Is anybody surprised that The LEGO Movie opened huge? It is the perfect storm film for today’s Hollywood: a digitally animated movie based on a video game that’s based on a toy using iconic comic-book characters. If that didn’t already fill in every blank for a successful tentpole feature, Morgan Freeman is in it. Frankly, all that’s missing is that it’s not a sequel.
There is a point here, and it is that the existence of something called The LEGO Movie, let alone its critical and commercial success, could not possibly have been predicted fifteen years ago. At that time, the traditional toy industry was struggling to figure out its place in the play world given the encroachment of video games. Back in 1999, I spoke with a gentleman named Peter Eio, who was then president of LEGO Systems, which was responsible for sales and marketing in the United States. He told me his company was eagerly grabbing the new media by the horns:
“Last year we launched a line called LEGO Mindstorms, and that was a move to really get into this whole market area with a product that combined traditional LEGO construction blocks with new technology. In this case, kids can build robots or vehicles and then program them on the computer with software that we provide. Then using an infrared device they can transmit those programs down into the robot or vehicle and have them respond to the programs. The vehicles include sensors and can really perform a wide array of activities. In addition to that, we are building an Internet community whereby kids can exchange not only building ideas, but actually exchange computer programs. That was really a move by us to get into that market. The second are that we’ve been involved in is establishing LEGO Media, which is involved in developing children’s CDs based on the LEGO construction toy idea. We were positively surprised how easily people were prepared to pay $200 for Mindstorms kit, but if you compare it to the video games market, people have been prepared to pay those sorts of prices for videogame consoles, and we believe that you get much more value [with Mindstorms] because you’re getting something that can really allow kids to come up with creative ideas and solutions rather than randomly pressing buttons.”

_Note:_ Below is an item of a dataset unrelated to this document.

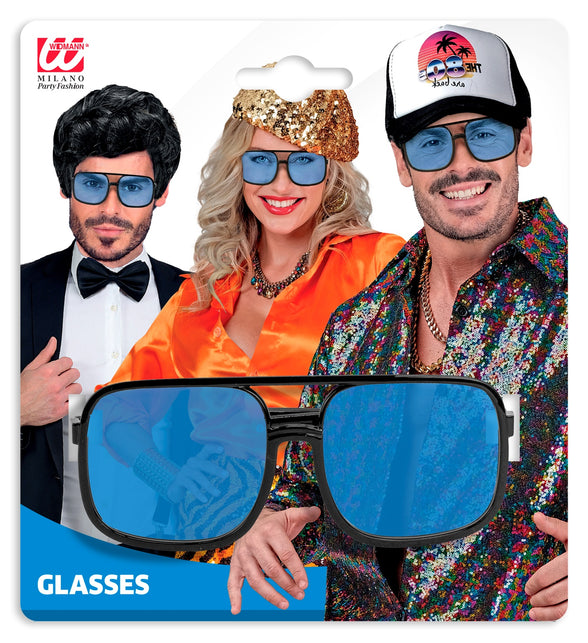 Widmann SRL Bril met blauwe glazen jaren 90 hiphop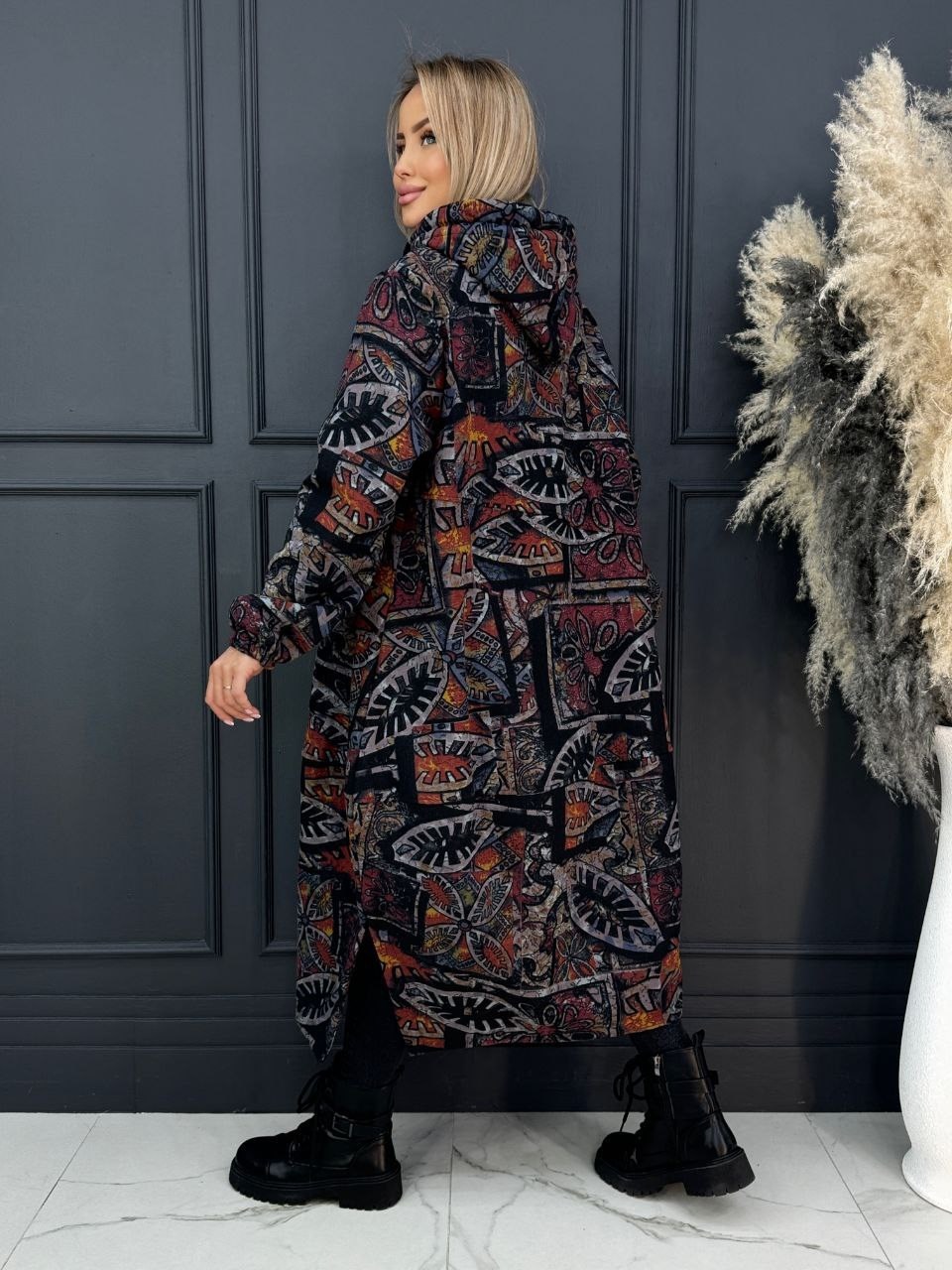 пальто женское с принтом,пальто с принтом,пальто длинное стеганое,женские пальто,теплое пальто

Back then, it made sense. As it turned out, however, it was not a Mindstorm that propelled the LEGO brand to such a lasting degree of prominence that a movie just had to be made from it. Instead it was a brainstorm: the decision to license such iconic properties as Batman, Star Wars, Harry Potter and Indiana Jones, and recreating their worlds as plastic, non-computerized building sets. Add to that all the video games that were made from the little blocky versions of those pop culture heroes — the very sort of button-pressing games for which Mindstorms was thought to be the antidote — and you have a pathway leading straight to the big screen.
It’s a surprise success story made one block at a time.